## Container With Most Water

Link to algo

To solve this problem, we can use the two-pointer approach.

We will start with two pointers, one pointing to the first element and the other pointing to the last element of the array. We will calculate the area between these two lines and update our maximum area accordingly, then move the pointer that corresponds to the smaller height inward, since moving the pointer corresponding to the larger height will not increase the area.
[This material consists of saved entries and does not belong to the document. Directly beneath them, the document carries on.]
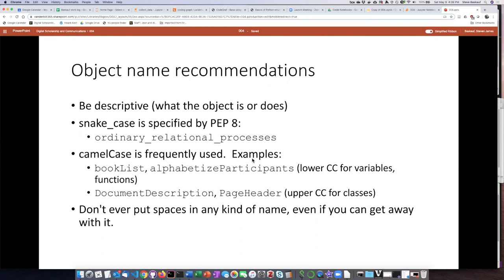One of my pet peeves: don't put spaces in any kind of name. A lot of people put spaces in file names, but this can come back to cause problems, especially when coding. It's much better to separate words in file names with underscores or dashes, or use camel case. In Python specifically, dashes can sometimes cause problems, so I generally separate words with underscores whenever I'm working with Python.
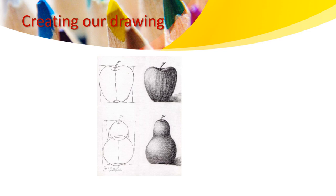During the class, we will also learn the techniques of shading and value using light to dark tones.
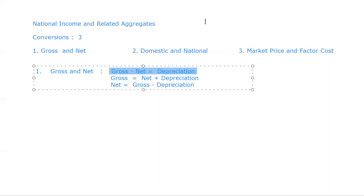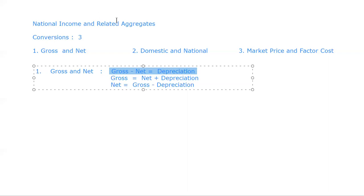So this is the very basic conversion: Gross minus Net is equal to Depreciation. If we have to calculate the value of Gross, it would be equal to Net plus Depreciation. And the value of Net would be equal to Gross minus Depreciation.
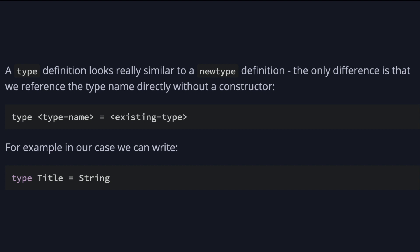A type definition looks really similar to a newtype definition. The only difference that we reference the type name directly without a constructor. For example, in our case, we can write type Title equals String. What's the difference? So type in contrast with newtype is just a type name alias.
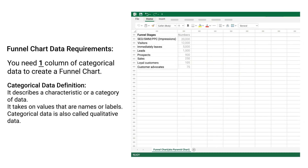Funnel chart data requirements: you need one column of categorical data to create a funnel chart. Categorical data describes a characteristic or a category of data — it takes on values that are names or labels. Categorical data is also called qualitative data.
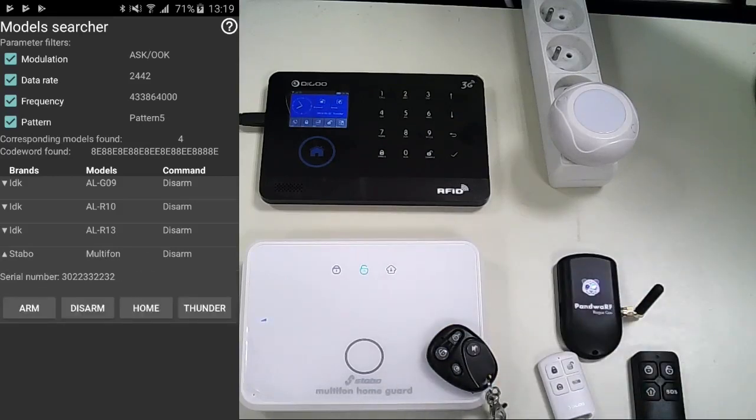We expand the multi-phone device like the original remote, and we can arm, disarm, and switch to home mode.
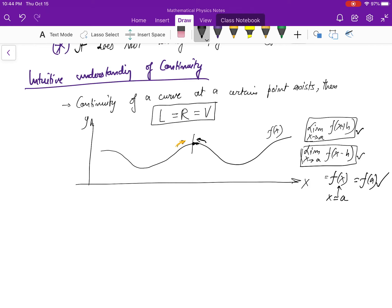The intuitive concept of continuity is: no matter which direction you come from, the value must be equal to the value of the function at that point. When I say 'approaching this point,' this region is infinitesimally small — an infinitesimal neighborhood. If a curve needs to be continuous, approaching from the right-hand or left-hand side, you reach the point at which the curve already has that value. This is a strict definition that must be satisfied.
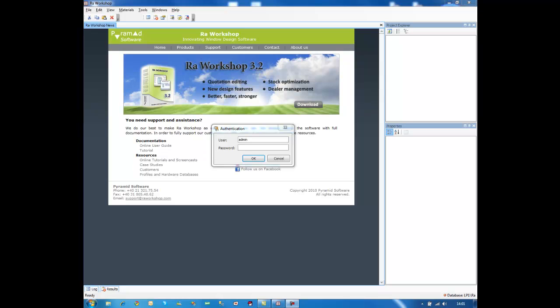Hello, this is Marius from Pyramid Software. I'm a partner inside the company and I would like to make a presentation today of the new version Raw Workshop 3.2. This application has evolved very much in the last year and I think it's time to make a general presentation.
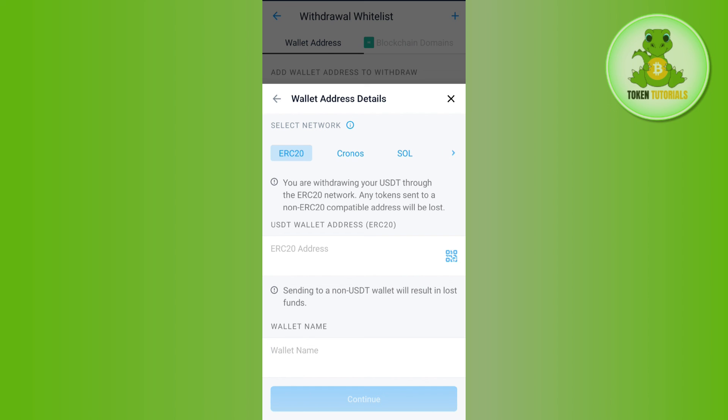Simply tap on the Send or Transfer option. This way you will be able to send your crypto from Crypto.com to MetaMask wallet. If the video was helpful, don't forget to like the video and subscribe to the channel. Thank you so much for watching.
Here's the JavaScript code to solve the problem:

```
function maxArea(height) {
let maxArea = 0;
let left = 0;
let right = height.length - 1;
while (left < right) {
const currentArea = Math.min(height[left], height[right]) * (right - left);
maxArea = Math.max(maxArea, currentArea);
if (height[left] < height[right]) {
left++;
} else {
right--;
}
}
return maxArea;
}
```

The width of the container is given by the difference between the two indices `right`

and `left`

, which is `(right - left)`

.

The height of the container is determined by the smaller of the two heights at the current positions of the pointers. This is because the water level cannot be higher than the shorter of the two lines. So, we take the minimum of `height[left]`

and `height[right]`

using the `Math.min()`

function.

Therefore, the area of the container is calculated as `Math.min(height[left], height[right]) \* (right - left)`

. This area is then compared with the maximum area seen so far, and the maximum of the two is stored in the maxArea variable.

The time complexity of this solution is **O(n)**, where `n`

is the length of the input array.
This is because we are iterating through the array once using two pointers.

The space complexity of this solution is **O(1)**, since we are only using constant extra space to store the maximum area and the two pointers.